Of course they’re annoyed…we took away 10 minutes of their lunch-time and added 10 minutes to their school-day!

While senior angst is a situation worthy of attention, what was troubling to the committee was the discovery, based on last year’s survey of students (which coincided with the implementation of the first year of the Mentoring program), that there was a significant lack of clarity across grade levels as to the purpose of Mentoring. As a result, the committee included a “free-response” question in the 2011 survey which led with the prompt:

The purpose of Mentoring is….

Student response to this question mirrored my earlier assertion about the inverse relationship between the age of adolescents and their relative comfort with change. Here are a couple of freshman responses:


to help the students get started at La Salle and to have someone to go to if there is some sort of problem

to have someone to talk to about things that happen in school and to help you with questions about school. It is also used to help you to become a better person and have strong morals

These comments – which echo the statement of purpose in the Mentor curriculum – highlight the ongoing renewal experienced by every high school with the arrival of a new freshman class. Not knowing what the school was like before their arrival, freshmen take at face value the program they experience in their first year. They are too new – and young – to question the decisions of teachers and administrators.

Not so for seniors who have had three years of twists and turns in their academic journey to inform them of what’s wrong with high school. Some of their cynicism is a function of their desire to occupy the privileged position that being a high school senior represents. When they finally get there, they tend to be uninterested in any change which impacts their anticipated enjoyment that being at the “top of the heap” represents. The introduction of Mentoring in their senior year is an example of a change that impacts their anticipated privileged status. To no one’s surprise, the following responses typify their reaction to Mentoring:

to make the school day longer and to sound fancy to incoming freshman

to fill in a forty minute time lapse so it looks like we're at school for a longer amount of time

The latter comment echoes Pat Bonacci’s lighthearted interpretation of the seniors take on Mentoring. To be fair, some seniors were willing to look at the big picture:

to give students an open forum to discuss important facets of our academic and outside life.
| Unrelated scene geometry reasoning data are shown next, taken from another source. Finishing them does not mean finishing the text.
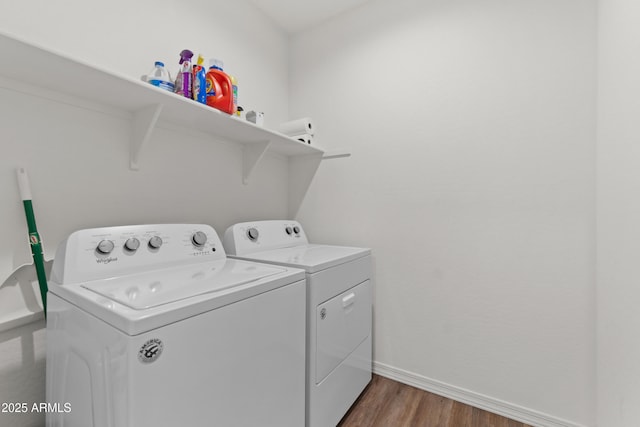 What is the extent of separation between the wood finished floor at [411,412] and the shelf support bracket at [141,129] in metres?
1.65

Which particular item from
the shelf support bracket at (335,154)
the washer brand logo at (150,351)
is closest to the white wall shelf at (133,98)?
the shelf support bracket at (335,154)

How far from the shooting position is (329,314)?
1.29m

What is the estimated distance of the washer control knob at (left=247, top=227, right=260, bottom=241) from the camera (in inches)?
63.3

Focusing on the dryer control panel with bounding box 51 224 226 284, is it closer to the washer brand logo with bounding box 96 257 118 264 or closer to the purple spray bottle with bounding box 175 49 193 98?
the washer brand logo with bounding box 96 257 118 264

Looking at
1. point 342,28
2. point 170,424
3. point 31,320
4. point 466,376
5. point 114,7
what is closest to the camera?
point 170,424

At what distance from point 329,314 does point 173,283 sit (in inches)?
27.3

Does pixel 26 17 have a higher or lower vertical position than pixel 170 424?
higher

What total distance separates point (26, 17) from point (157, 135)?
0.56 m

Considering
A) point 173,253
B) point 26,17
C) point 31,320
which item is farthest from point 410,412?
point 26,17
Parents know first-hand how their teenagers can resist change which is intended for their benefit. It is no different in schools. I’ve often commented in this space and elsewhere that La Salle’s success is a product of the close working relationship between home and school. And, just as parents have to wait until their children reach adulthood to receive significant appreciation for their good parenting, it is just as true at school. So, while we know that four years from now Mentoring will be an accepted fact of life at La Salle; today’s freshmen will become tomorrow’s seniors, with their own set of critiques…and the cycle begins anew – just like springtime.